▼
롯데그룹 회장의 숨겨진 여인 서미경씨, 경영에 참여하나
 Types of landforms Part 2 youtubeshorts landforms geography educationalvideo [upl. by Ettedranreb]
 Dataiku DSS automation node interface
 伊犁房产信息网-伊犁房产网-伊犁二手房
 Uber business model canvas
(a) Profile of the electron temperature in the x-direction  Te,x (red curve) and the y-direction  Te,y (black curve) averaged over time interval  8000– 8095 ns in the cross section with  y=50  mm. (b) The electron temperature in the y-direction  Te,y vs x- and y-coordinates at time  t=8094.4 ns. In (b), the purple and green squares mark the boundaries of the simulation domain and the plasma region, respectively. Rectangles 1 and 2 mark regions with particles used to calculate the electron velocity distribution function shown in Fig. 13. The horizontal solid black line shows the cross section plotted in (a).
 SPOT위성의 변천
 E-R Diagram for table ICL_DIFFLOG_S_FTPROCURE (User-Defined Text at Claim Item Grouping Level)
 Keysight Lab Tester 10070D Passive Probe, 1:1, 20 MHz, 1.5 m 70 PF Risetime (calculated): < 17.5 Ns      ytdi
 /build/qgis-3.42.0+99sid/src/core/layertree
▲
Within the material above, output exactly the lines from the one with "Dataiku DSS automation node interface" through the one with "Uber business model canvas", end lines included, and nothing besides.

◆ **Solution to this problem**
 Dataiku DSS automation node interface
 伊犁房产信息网-伊犁房产网-伊犁二手房
 Uber business model canvas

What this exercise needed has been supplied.